Archive for the ‘Lauren Dane’ Category

Waypoints

Friday, November 2nd, 2007
The two most engaging powers of an author are, to make new things familiar, and familiar things new.
Samuel Johnson

Okay, now to writing - I’m nearly 19K into Standoff (paranormal suspense and the last of a series and end to a big story arc) and happy with where I’m heading. The heroine, Grace, is a doctor but she’s not mouthy and tough on the exterior like Nina or Tracy. So I have to rein in my dialog impulses and nix the snarky on the outside. She’s strong of course, she’s Cade’s mate and she’s taken a huge risk to come to him. He realizes that but she’s got some stuff to deal with. She’s a scientist so her happy place is in a lab or with data and not necessarily with a lot of other people. It’s always a challenge to write every character and make them unique, make them as real as you can without essentially copying your base character again and again.

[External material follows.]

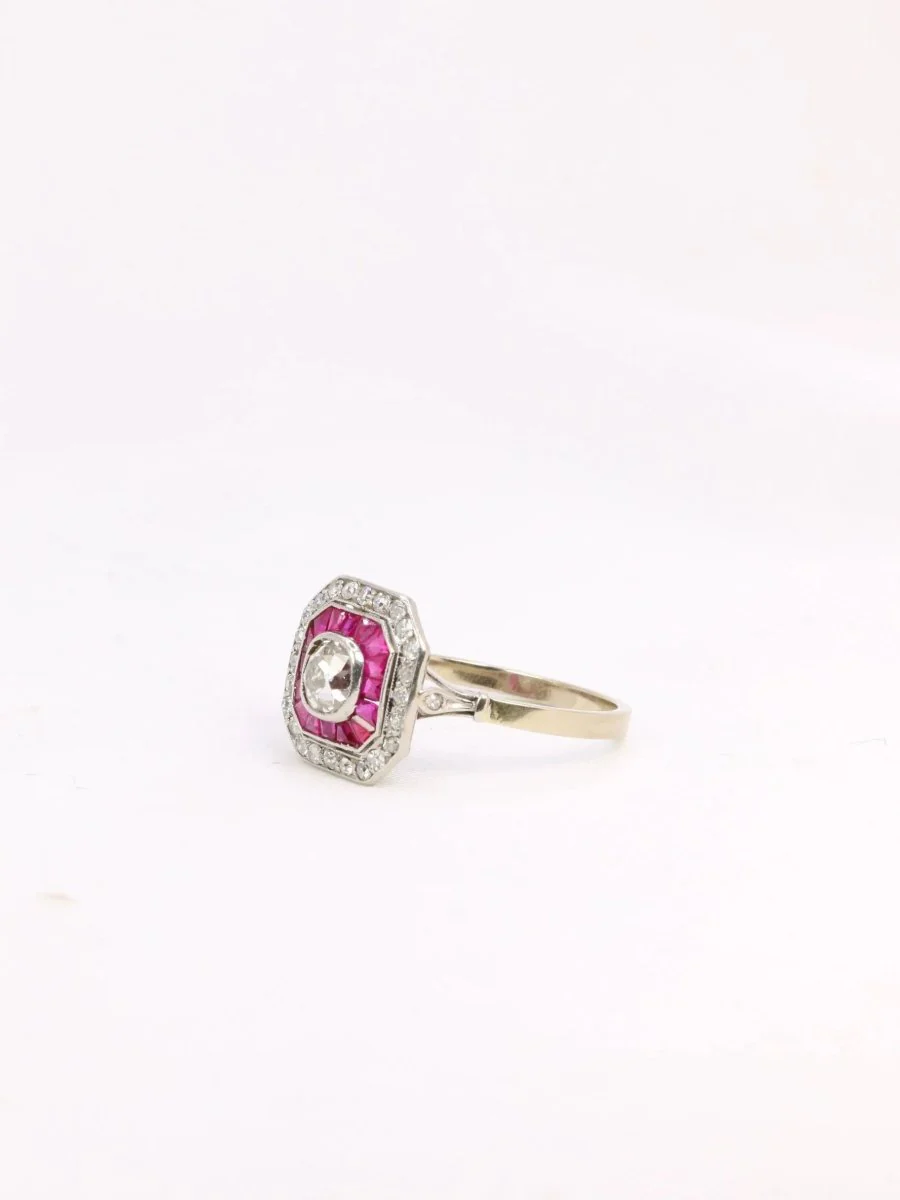 Art Deco ring with old cut diamonds and calibrated rubies - Image 3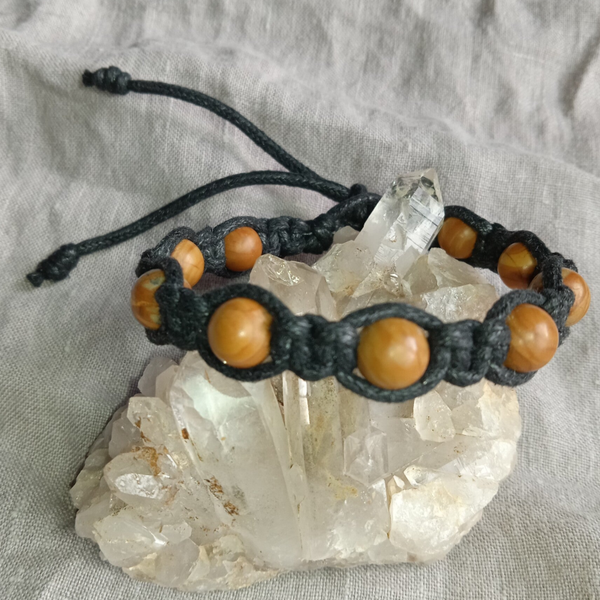 Bracelet Jaspe Bois ref JSPB-102024-2 perles rondes 8 mm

Sometimes beginning a new book can be daunting, sometimes it’s the middle or the end that make me insane. The last two projects I worked on were hard to start but once I hit a certain point, once I know my characters and where they need to journey to, things begin to ease in my head.

I don’t necessarily mean it becomes easy to write that journey, but what I mean is I know the map and feel confident about the waypoints if not the scenic markers of the route.

I remember thinking that at some point, it would get easier after I did it a few times. In some ways, it does. I know more now about how to heighten tension with a few sentences here and there. I know how to edit better, I know things that make me a better writer in a technical sense. But at the same time, the knowing means I feel more pressure to use all those tools to the best of my ability to write a book.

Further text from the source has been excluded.